Blog Posts - Generalized Linear Models

Regression: Swiss Army Knife of Statistics

Regression is a commonly used tool in inferential statistics to build a model to make inferences about a super-population. Before we start however, I’d like to highlight that regression is not always necessary or even the best approach. For example, sometimes descriptive statistics are a more appropriate tool. With that being said, regression is a key tool in a statistician’s toolbox. Before we get started, I’d like to revisit one of my favorite quotes by George Box, a British statistician: “All models are wrong, some are useful”.

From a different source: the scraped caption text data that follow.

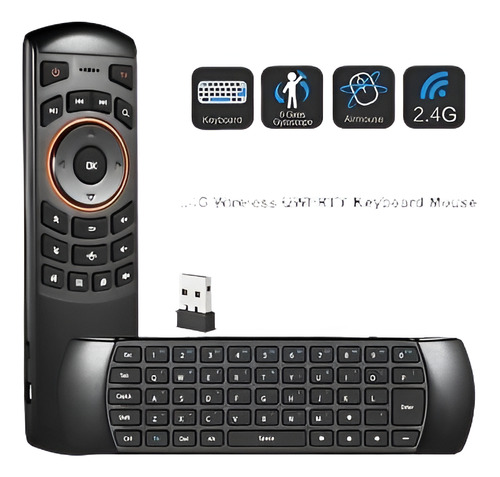 Teclado Inalámbrico Air Mouse 2.4g 6 Ejes Mando Para Mini Pc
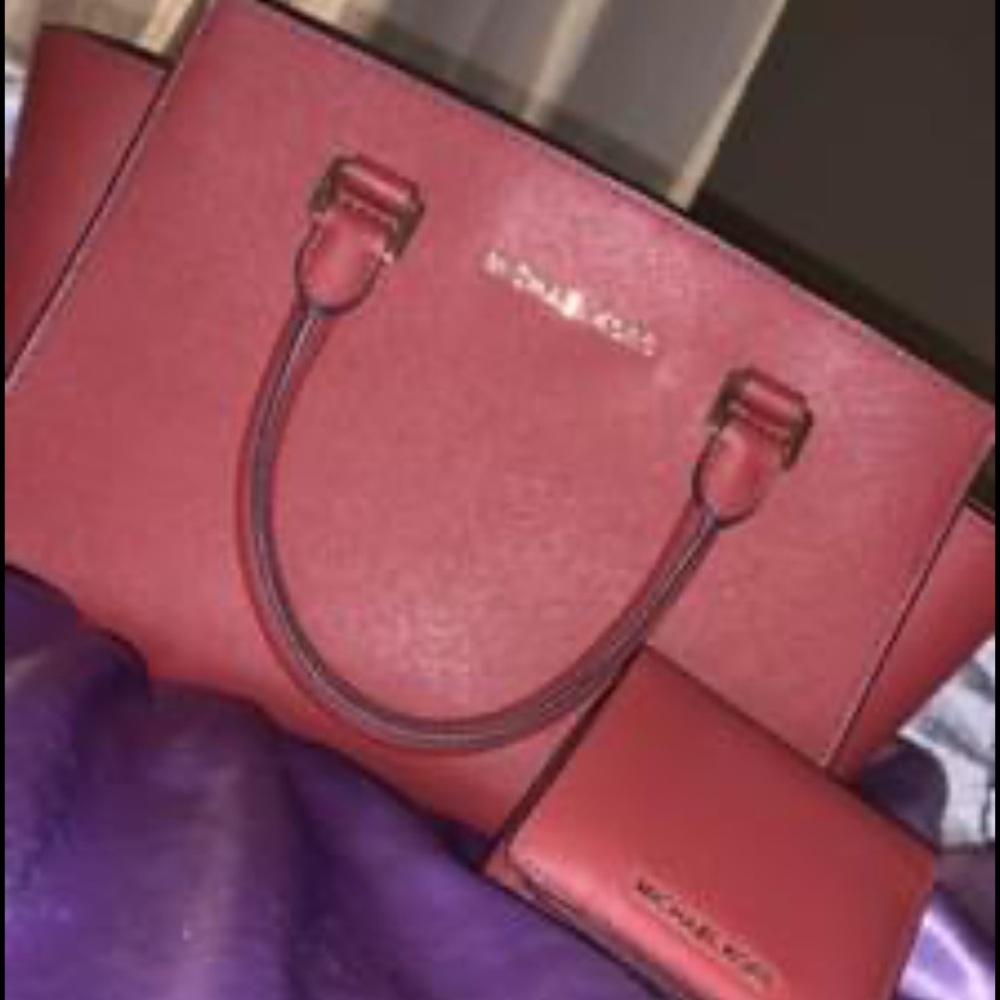 Michael kors bag and wallet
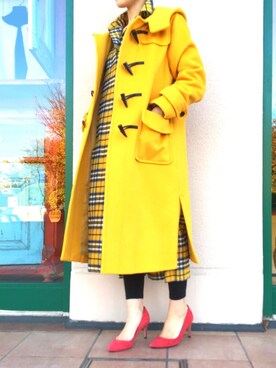 「piccin」｜「アイテム（ダッフルコート）」を使った、PICCIN  百道浜店さん（レディース・158cm）の秋コーディネート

With this in mind, let’s get started! The real question is where should we start? Typically, most courses start with ordinary least squares (OLS) regression. Seems like a reasonable place to me to begin as well! However, we will back up a little bit and start with the equation of a line.

Equation of a Line

From high school math, you probably remember the equation of a line as

\[ y = mx +b \]

where \(y\) is the dependent variable, \(m\) is the slope of the line, \(x\) is the independent variable and \(b\) is the y-intercept. A key exercise that is often used in math, using graph paper, is to first plot data points based on their coordinates (x, y), then draw a line of best fit through them. Once you draw the line, you can calculate the slope and extend the line through the y-intercept. This gives you the equation of your line which you can use to predict values of y! When drawing the line of best first, the goal is to capture as many data points on the line as possible, or closest to the line. OLS regression is similar to this.

Plain Old Ordinary Regression

OLS regression tries to minimize the sum of squares of the differences between the observed variable and those predicted by the model (hence the least squares). Put another way: by minimizing the residuals. A way to conceptualize this is by drawing the line of best fit.

For example, imagine we have a database that we can use to ask a burning question we have: Does a person’s age effect the number of balloons they own? Now, if we draw a line of best fit through the data, using number of balloons as the outcome/y/dependent variable, and age as the predictor/x/independent variable… we get the figure below.

Code

set.seed(2228) # August 28, 2022

library(tidyverse)
library(ggxmean)

n.id = 250

df <- data.frame(
  age = runif(n = n.id, min = c(5, 18), max = c(30, 85)),
  sex = rbinom(n = n.id, size = 1, prob = c(0.60,0.20)),
  candy_lover = rbinom(n = n.id, size = 1, prob = c(0.64, 0.45)),
  
  # Beta Coefficients
  
  beta_age = runif(n = n.id, min = 0, max = 0.10),
  beta_sex = runif(n = n.id, min = 0, max = 0.30),
  beta_candy = runif(n = n.id, min = 0, max = 0.40)
) %>% 
  dplyr::mutate(
    num_ballons = round((beta_age*age + beta_sex*sex + beta_candy*candy_lover)*3,0) # number of ballons that you own
  )

ggplot2::ggplot(data = df, mapping = aes(x = age, y = num_ballons)) +
  ggplot2::geom_point(color = "red") +
  geom_lm() +
  ggxmean::geom_lm_residuals(linetype = "dashed") +
  labs(x = "Age", y = "Number of Balloons Owned") +
  theme_minimal() + 
  ggtitle("Number of Balloons by Age") +
  scale_x_continuous(limits = c(0, 100)) + 
  scale_y_continuous(limits = c(0, 30)) + 
  theme(plot.title = element_text(hjust = 0.5))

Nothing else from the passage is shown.